* WORK TASK *
Your answer should be the exact lines of the data below from the one containing "4 bedroom detached" through the one containing "Nuevos hallazgos en"; please include nothing else.

Stored items from a collection:
================

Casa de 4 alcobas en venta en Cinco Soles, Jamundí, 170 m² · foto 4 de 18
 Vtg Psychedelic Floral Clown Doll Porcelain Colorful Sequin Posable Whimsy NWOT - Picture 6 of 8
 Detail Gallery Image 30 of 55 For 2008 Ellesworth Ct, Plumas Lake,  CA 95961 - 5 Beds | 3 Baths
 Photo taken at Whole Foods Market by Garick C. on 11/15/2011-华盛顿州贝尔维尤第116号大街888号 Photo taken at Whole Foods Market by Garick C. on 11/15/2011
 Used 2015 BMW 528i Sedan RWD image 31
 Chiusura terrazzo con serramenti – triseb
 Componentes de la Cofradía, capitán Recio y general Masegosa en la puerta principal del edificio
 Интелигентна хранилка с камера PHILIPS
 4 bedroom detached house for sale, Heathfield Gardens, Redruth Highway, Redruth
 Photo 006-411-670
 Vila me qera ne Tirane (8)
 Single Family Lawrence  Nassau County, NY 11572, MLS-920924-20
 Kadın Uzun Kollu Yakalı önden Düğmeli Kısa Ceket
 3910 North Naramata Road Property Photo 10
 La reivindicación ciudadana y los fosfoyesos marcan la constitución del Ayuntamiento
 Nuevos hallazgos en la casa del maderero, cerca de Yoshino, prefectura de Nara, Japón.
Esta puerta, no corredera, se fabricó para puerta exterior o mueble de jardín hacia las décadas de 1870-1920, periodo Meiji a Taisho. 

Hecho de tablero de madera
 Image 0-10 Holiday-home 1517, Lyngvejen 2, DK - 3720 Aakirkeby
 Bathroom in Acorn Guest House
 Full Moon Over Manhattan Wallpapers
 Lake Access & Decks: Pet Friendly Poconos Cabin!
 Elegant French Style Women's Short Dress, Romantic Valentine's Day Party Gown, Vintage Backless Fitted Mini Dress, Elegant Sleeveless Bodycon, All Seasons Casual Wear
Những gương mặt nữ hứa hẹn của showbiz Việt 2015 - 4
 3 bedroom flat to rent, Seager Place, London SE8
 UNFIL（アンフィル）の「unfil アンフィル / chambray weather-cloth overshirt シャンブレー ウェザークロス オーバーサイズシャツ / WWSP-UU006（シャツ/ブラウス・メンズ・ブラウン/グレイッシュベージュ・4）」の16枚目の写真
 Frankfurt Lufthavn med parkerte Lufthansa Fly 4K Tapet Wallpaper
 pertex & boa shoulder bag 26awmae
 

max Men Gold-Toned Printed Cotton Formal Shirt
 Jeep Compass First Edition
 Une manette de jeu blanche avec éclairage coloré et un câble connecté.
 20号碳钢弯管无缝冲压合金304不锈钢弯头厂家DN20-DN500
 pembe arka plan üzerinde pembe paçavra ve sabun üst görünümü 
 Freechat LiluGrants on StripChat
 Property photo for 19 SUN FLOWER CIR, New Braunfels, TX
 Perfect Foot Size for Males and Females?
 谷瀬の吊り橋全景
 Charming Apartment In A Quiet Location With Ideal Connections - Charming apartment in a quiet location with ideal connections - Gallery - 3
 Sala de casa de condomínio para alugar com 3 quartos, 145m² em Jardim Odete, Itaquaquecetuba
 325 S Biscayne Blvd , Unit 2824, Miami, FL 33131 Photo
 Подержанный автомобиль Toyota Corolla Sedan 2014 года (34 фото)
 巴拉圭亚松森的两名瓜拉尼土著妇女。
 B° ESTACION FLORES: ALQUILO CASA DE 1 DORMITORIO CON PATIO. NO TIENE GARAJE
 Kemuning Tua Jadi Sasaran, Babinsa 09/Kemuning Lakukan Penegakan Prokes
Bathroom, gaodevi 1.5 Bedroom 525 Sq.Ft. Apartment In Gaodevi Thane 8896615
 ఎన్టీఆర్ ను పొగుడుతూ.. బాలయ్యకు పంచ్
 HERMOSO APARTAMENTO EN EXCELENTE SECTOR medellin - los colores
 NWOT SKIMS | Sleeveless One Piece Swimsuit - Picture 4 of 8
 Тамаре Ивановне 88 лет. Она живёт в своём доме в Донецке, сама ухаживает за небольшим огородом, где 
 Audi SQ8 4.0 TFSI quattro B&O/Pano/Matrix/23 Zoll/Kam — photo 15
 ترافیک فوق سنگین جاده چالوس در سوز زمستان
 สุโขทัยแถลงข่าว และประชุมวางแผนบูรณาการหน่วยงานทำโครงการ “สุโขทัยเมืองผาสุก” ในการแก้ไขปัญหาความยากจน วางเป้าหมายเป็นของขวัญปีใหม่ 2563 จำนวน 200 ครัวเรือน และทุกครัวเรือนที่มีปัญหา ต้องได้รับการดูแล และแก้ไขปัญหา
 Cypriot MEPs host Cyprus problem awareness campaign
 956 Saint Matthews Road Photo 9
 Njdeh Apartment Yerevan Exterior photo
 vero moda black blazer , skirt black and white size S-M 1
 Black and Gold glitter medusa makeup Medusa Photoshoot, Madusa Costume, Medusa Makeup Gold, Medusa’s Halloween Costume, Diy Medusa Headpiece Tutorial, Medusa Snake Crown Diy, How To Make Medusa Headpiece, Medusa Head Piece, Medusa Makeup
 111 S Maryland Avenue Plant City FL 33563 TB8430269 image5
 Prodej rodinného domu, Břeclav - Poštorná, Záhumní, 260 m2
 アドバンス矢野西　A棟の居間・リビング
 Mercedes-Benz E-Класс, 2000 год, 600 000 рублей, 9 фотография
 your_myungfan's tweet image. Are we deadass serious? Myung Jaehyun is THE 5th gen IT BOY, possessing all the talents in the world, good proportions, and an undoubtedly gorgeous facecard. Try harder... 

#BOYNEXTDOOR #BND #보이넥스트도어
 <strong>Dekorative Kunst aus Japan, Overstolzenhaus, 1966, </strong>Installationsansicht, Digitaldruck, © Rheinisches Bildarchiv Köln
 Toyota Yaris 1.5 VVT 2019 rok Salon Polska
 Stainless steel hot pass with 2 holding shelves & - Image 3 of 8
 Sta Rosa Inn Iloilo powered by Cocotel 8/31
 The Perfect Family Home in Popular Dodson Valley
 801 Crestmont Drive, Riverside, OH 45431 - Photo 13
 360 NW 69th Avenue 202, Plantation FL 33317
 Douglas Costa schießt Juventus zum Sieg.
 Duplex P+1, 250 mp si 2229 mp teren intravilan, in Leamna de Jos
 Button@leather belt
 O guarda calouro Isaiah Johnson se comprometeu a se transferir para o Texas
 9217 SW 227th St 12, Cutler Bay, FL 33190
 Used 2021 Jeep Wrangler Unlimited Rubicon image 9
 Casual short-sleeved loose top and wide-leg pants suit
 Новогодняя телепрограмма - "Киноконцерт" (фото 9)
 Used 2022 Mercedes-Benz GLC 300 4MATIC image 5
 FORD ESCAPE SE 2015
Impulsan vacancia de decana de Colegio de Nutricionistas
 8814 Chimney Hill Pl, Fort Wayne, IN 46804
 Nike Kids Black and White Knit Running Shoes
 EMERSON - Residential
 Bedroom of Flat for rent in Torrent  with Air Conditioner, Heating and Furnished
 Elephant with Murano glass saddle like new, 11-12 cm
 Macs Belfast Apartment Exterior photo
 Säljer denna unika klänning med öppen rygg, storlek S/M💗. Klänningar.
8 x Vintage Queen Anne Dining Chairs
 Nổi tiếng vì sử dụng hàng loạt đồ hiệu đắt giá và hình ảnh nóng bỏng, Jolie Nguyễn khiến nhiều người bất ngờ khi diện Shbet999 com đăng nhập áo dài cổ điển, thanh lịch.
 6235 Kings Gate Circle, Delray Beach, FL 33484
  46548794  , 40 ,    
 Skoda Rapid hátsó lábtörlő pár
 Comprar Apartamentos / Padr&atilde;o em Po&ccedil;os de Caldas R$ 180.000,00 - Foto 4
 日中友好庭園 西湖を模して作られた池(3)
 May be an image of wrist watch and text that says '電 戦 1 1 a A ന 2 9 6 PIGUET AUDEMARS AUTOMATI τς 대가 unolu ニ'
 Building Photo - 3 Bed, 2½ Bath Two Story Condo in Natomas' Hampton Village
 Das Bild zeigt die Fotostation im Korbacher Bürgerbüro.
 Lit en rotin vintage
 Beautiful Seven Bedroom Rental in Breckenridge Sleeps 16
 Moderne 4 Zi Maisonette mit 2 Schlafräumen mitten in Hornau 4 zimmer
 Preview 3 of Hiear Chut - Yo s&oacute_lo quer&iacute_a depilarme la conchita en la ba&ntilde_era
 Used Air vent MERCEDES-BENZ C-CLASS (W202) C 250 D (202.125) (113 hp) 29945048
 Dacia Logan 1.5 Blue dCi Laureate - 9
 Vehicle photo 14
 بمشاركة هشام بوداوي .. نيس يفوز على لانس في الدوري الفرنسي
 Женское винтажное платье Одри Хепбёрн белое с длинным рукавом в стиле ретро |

================

* SOLUTION FOR THIS PROBLEM *
 4 bedroom detached house for sale, Heathfield Gardens, Redruth Highway, Redruth
 Photo 006-411-670
 Vila me qera ne Tirane (8)
 Single Family Lawrence  Nassau County, NY 11572, MLS-920924-20
 Kadın Uzun Kollu Yakalı önden Düğmeli Kısa Ceket
 3910 North Naramata Road Property Photo 10
 La reivindicación ciudadana y los fosfoyesos marcan la constitución del Ayuntamiento
 Nuevos hallazgos en la casa del maderero, cerca de Yoshino, prefectura de Nara, Japón.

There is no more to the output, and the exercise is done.